Şüphe yok ki, Müslümanlar arasındaki “İslam kardeşliği
bağı”, diğer bütün bağların üzerinde ve üstünde bir bağdır. Çünkü o, dinî
inançtan/imandan ileri gelir ve onunla beslenip güçlenir. Dolayısıyla bu bağ
yoluyla oluşturulan “İslam kardeşliği” de aynı şekilde başka her türlü
kardeşlikten, menfaat ve ideoloji birlikteliğinden çok üstün, derinlikli,
sağlam ve sınırları geniş bir kardeşliktir. Bundan ötürü bizler, sadece yaşayan
Müslümanlarla değil; bilakis aradan geçen uzun zamana rağmen tâ Hz. Âdem ile
kardeş olduğumuzu biliriz. Kardeşliğimizin sınırları insanın yaratıldığı zamana
kadar uzanır. İlk insanlar, bizim ilk kardeşlerimizdir. Bizden önce yaşayıp da
âhirete göçmüş olan kardeşlerimize karşı üzerimize düşen kardeşlik görevimizi
de onlar için Allah’a dua ederek yerine getiririz: “Rabbimiz! Bizi ve bizden önce gelip geçmiş mü’min kardeşlerimizi
bağışla.”
“İslam kardeşliği” o kadar güçlüdür ki, başka hiçbir
kardeşlik ve dostluk onun yerini dolduramaz. Peygamber Efendimiz (s) bir
hadisinde bu kardeşliğe şöyle dikkat çeker: “Eğer Rabbimin dışında bir dost
edinecek olsaydım, mutlaka Ebû Bekir’i dost edinirdim. Ancak İslam kardeşliği ve onun sevgi bağı daha üstündür.” Bir başka
rivayette: “Bir dost edinecek olsaydım, Ebû Bekir’i dost edinirdim; ancak İslam
kardeşliği dostluktan çok daha üstün bir şeydir.”
Bir kimse İslam dinine girdiği andan itibaren
yeryüzündeki bütün Müslümanların kardeşi olur. İsterse bu kimse daha öncesinde
Allah’ı inkâr eden, O’na ortak koşan ve İslam’a düşmanlık yapan birisi olsun.
Ne kadar kötülük dolu ve karanlık olursa olsun, artık onun geçmişine bakılmaz
ve bu durum, onu kardeşimiz olarak kabul etmemize engel teşkil etmez. Bu
yönüyle “İslam kardeşliği”, Allah’ın mü’minlere bir ihsanı ve ikramıdır. Yüce
Allah bu hakikati şöyle bildirmektedir: “Allah’ın size olan nimetini
hatırlayın: Hani siz birbirinize düşman kişilerdiniz de O, gönüllerinizi
birleştirmişti ve O’nun nimeti sayesinde kardeş kimseler olmuştunuz.” “Fakat tövbe eder, namaz kılar ve zekât
verirlerse, artık onlar dinde kardeşlerinizdir.”

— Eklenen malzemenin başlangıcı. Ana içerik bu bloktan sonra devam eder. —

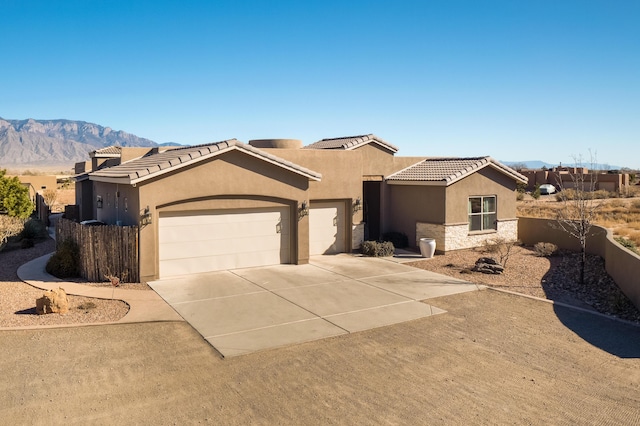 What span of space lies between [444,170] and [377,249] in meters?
4.68

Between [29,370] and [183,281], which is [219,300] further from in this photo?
[29,370]

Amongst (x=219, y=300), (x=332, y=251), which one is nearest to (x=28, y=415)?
(x=219, y=300)

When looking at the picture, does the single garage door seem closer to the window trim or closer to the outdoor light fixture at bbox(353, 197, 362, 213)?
the outdoor light fixture at bbox(353, 197, 362, 213)

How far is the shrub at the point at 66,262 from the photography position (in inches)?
606

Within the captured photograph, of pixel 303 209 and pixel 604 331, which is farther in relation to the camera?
pixel 303 209

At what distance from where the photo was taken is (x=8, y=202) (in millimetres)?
28078

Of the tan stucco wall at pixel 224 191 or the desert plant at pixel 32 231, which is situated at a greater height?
the tan stucco wall at pixel 224 191

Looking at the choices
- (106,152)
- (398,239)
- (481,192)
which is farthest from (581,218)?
(106,152)

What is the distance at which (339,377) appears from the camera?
8.46 m

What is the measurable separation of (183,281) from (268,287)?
8.66ft

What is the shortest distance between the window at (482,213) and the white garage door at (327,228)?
18.4 feet

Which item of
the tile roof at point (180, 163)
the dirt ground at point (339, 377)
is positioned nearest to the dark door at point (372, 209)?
the tile roof at point (180, 163)

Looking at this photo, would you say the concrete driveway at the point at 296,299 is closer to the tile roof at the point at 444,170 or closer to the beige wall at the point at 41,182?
the tile roof at the point at 444,170

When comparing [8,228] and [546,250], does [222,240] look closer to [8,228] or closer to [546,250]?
[8,228] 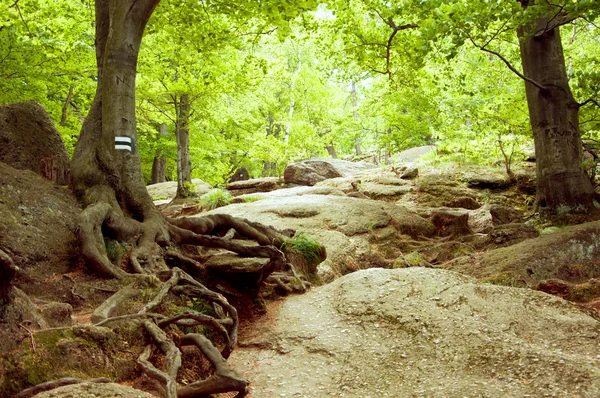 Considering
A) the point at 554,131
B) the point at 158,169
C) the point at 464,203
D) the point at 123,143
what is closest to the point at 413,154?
the point at 464,203

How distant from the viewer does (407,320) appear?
462cm

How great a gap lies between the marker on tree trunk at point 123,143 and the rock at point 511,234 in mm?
6501

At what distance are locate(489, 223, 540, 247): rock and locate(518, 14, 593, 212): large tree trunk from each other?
27.7 inches

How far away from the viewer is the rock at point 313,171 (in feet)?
60.8

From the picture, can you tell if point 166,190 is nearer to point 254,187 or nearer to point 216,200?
point 254,187

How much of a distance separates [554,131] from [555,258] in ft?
11.3

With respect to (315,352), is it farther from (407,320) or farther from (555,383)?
(555,383)

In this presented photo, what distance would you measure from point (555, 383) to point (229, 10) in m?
7.95

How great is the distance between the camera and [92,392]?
7.14 feet

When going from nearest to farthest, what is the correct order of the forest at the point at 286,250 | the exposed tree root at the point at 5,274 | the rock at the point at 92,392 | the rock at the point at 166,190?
the rock at the point at 92,392
the exposed tree root at the point at 5,274
the forest at the point at 286,250
the rock at the point at 166,190

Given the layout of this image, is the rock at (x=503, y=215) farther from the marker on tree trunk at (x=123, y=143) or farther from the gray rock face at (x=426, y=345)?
the marker on tree trunk at (x=123, y=143)

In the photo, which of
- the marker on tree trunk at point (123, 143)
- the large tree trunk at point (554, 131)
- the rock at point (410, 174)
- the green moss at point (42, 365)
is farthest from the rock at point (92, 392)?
the rock at point (410, 174)

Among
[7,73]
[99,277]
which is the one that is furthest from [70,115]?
[99,277]

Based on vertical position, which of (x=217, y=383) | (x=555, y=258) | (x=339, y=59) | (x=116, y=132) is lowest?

Yüce Allah’ın ve kutlu Peygamberi’nin, “İslam
kardeşliği”ne bu kadar büyük değer ve önem vermiş ve Müslümanlar arasında bu
kardeşliğin mutlaka gerçekleştirilip sürdürülmesini istemiş olmalarının en
önemli sebebi, bu din binasının “Tevhid”
temeli üzerine kurulmuş olmasıdır. Bilindiği üzere “Tevhid”, tekliği esas alır.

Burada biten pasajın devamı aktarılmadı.